Şiirleri en doğru şekilde anlayıp kavramanın yolunun şairi tanımaktan geçtiğini söylemiştik. Şairleri tanımak için onar hakkında şu bilgilere sahip olunmalıdır:

Şairin Edebi Kişiliği

Bir şairin sanat anlayışı, dil ve üslubu, olaylara bakış açısı, zihniyeti onun edebi kişiliğini oluşturur. Şairin eserlerinin en azından bir kısmının veya mümkünse tümünün tanınıp bilinmesi şairin edebi kişiliğini anlamamıza yardımcı olacaktır. Yine bir şairin bağlı olduğu gelenek, şiirlerinde en çok işlediği temalar, siyasi, sosyal görüşü, savunduğu düşünceler onun edebi kişiliği hakkında bize fikir verecektir. Örneğin; Cahit Sıtkı’nın şiirlerinde “ölüm” temasını işlemesi veya Karacoğlan’ın bütün şiirlerinde aşk ve doğa temasını işlemesi bu şairlerin edebi kişilikleri ile ilgilidir.

Bir şairin çalışma disiplini, üslubu da yine şairin edebi kişiliği ile ilgilidir.

Örnek:

AZİZ İSTANBUL

Sana dün bir tepeden baktım aziz İstanbul!

Görmedim gezmediğim, sevmediğim hiçbir yer.

Ömrüm oldukça gönül tahtına keyfince kurul!

Sade bir semtini sevmek bile bir ömre değer.

Nice revnaklı şehirler görünür dünyada,

Lakin efsunlu güzellikleri sensin yaratan.

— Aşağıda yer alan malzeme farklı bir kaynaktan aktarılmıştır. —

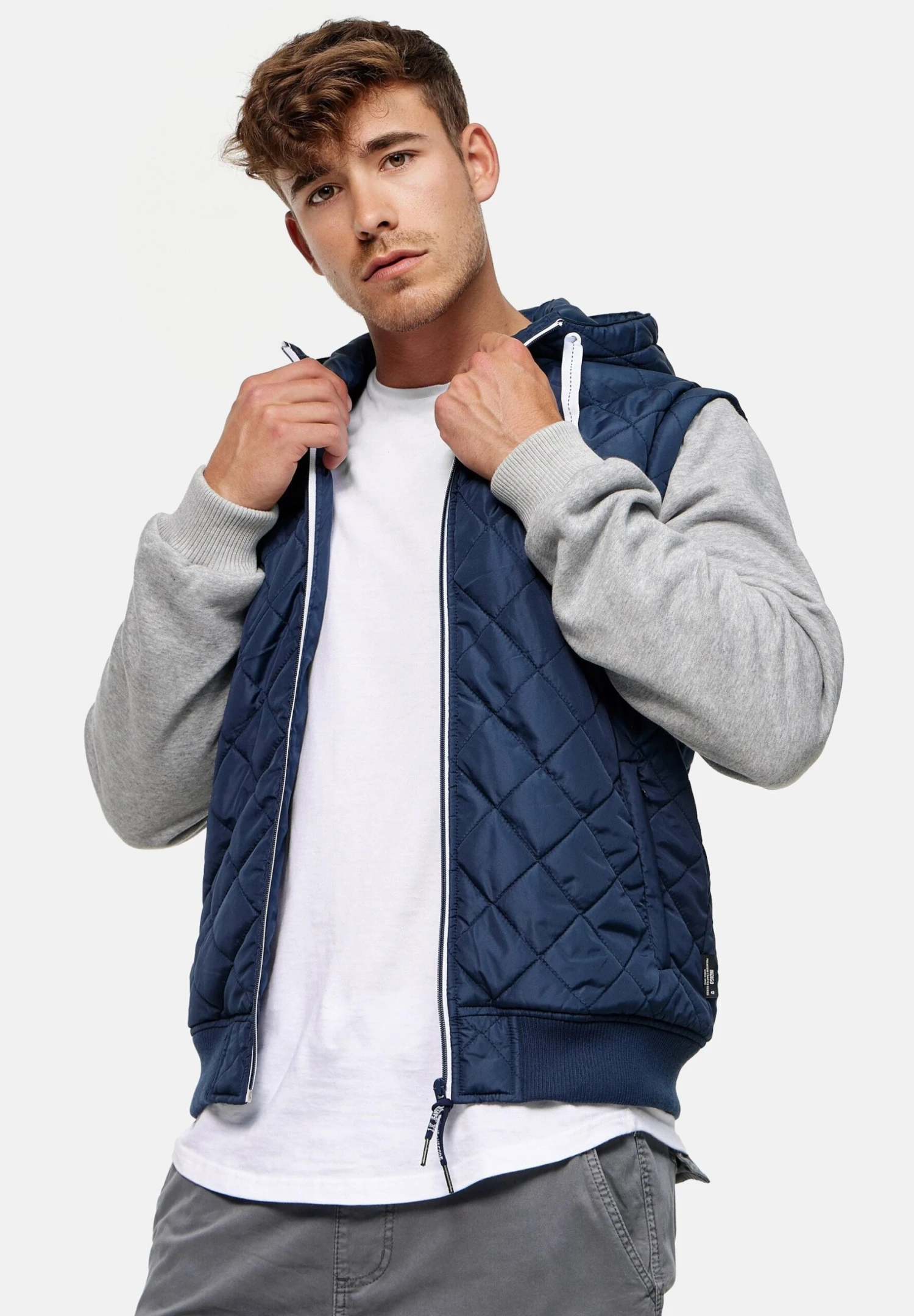 Indicode Jeans Harry - Lichte Jas - Dark Blue 4 Indicode Jeans Harry - Lichte Jas - Dark Blue - Image 4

Yaşamıştır derim en hoş ve uzun rüyada

Sende çok yıl yaşayan, sende ölen, sende yatan.

Yahya Kemal Beyatlı

Şairin Sanat Anlayışı

Sanat kavramı edebiyatımızda temelde iki anlayışla karşımıza çıkar. Bunlardan ilki ve ne yaygın olanı “ Sanat, sanat içindir.” anlayışıdır. Bu sanat anlayışı ile yazılan şiirlerin özellikleri ile ikinci bir anlayış olan “ Sanat, toplum içindir.” anlayışı ile yazılan şiirlerin özellikleri birbirinden farklıdır. Bir dönemde şairlerin sade veya ağır bir dille şiir yazmayı tercih etmesi, doğa veya aşk temalarına ağırlık verilmesi, şiirlerini ölçülü veya serbest yazması bu şairlerin sanat anlayışı ile ilgilidir. Örneğin Ahmet Haşim’in şiirlerinde müzikaliteye verdiği önem, Nazım Hikmet’in şiirlerinde söylev üslubunu kullanması, Necip Fazıl’ın şiirlerini kafiye ile yazmayı tercih etmesi veya Orhan Veli’nin şiirlerinde kafiye ve sanatları kullanmamaya özen göstermesi bu şairlerin sanat anlayışları ile ilgilidir. Bir şairin bu yönleri ile tanınması elbette şiirlerin daha iyi anlaşılmasına katkı sağlayacaktır.

Örnek:

Kalk, arkadaş, gidelim

Dereler yoldaşımız,

Dağlar omuzdaşımız.

Dünyayı seyredelim,

Şehirlerin dışından.

Esmerden, sarısından,

Kaçalım, kurtulalım

Haydi yürü, bulalım,

Kat kat çıkmış evlerin,

O cam gözlü devlerin

Gizlediği alemi

Necip Fazıl K.

Şairin Hayatı

Şairin hayatının bilinmesi şiirlerinin daha iyi anlaşılmasını sağlayacaktır. Örneğin Aşık Veysel’in bir kaza sonucu gözlerini yitirdiğini bilmek, Zeki Ömer Defne’nin çocuk doktoru olduğunu bilmek, Namık Kemal’in bir dönem Malta adasına sürgün gönderildiğini bilmek, Ziya Paşa ile Ali Fuat Paşa arasındaki anlaşmazlıkları ve kavgayı bilmek gibi şairlerin hayatlarına dair öğrendiklerimizin şiirleri yorumlamada önemli katkısı olacaktır.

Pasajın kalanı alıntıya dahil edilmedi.